## Task objective
Once the pictures are set aside, copy the data below exactly as it stands.

:: Data under study

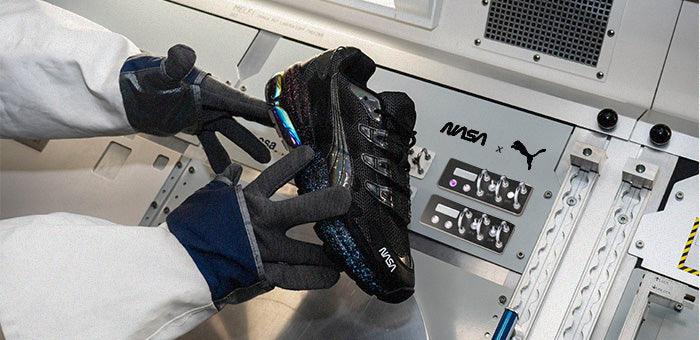 PUMA x Space Agency - SneakerBAAS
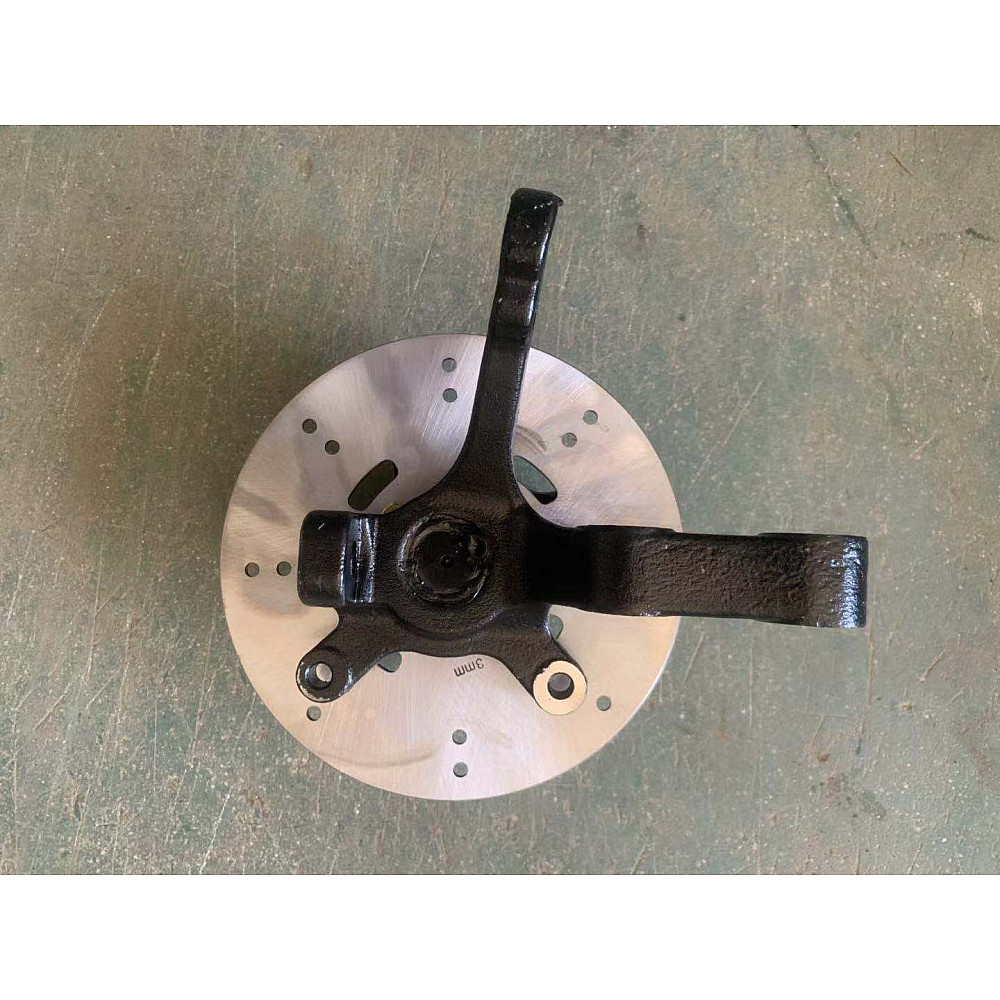 Piese mașină Soft - Fuzeta față dreapta pentru mașină electrică RDB Soft - piesă originală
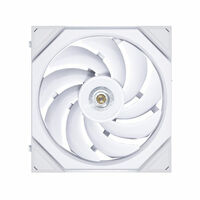 Ventoinha Lian Li UNI FAN TL140 RGB PWM Branco 140mm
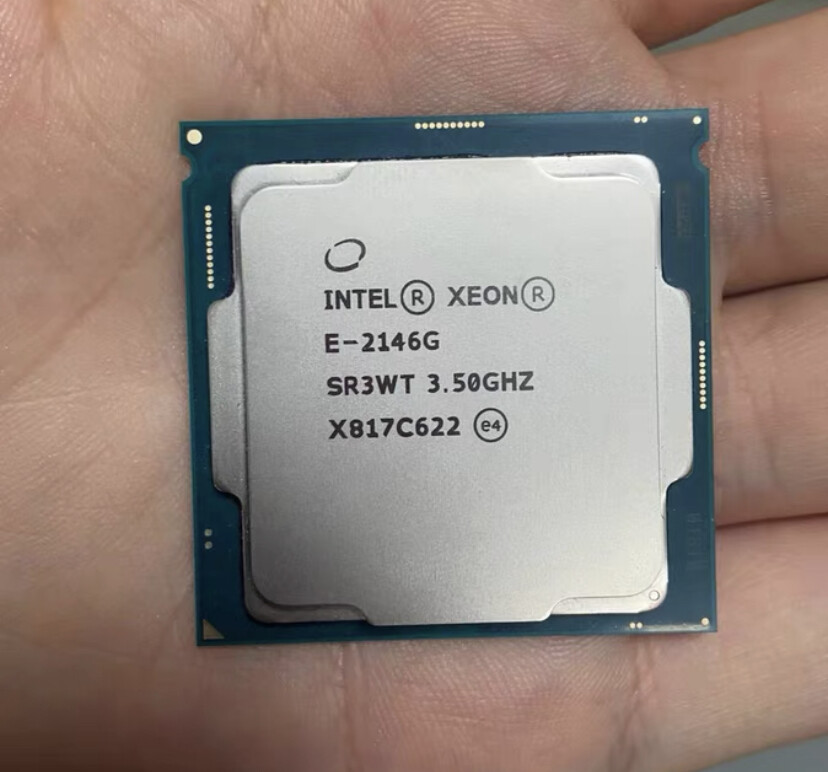 CPU INTEL XEON E-2146G Intel Xeon E-2146G Specs | TechPowerUp CPU Database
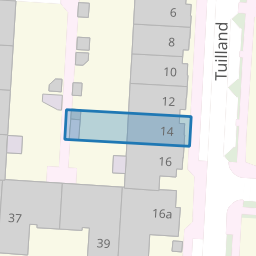 Perceel DOO00-B-3661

::::

## Task output
 PUMA x Space Agency - SneakerBAAS
 Piese mașină Soft - Fuzeta față dreapta pentru mașină electrică RDB Soft - piesă originală
 Ventoinha Lian Li UNI FAN TL140 RGB PWM Branco 140mm
 CPU INTEL XEON E-2146G Intel Xeon E-2146G Specs | TechPowerUp CPU Database
 Perceel DOO00-B-3661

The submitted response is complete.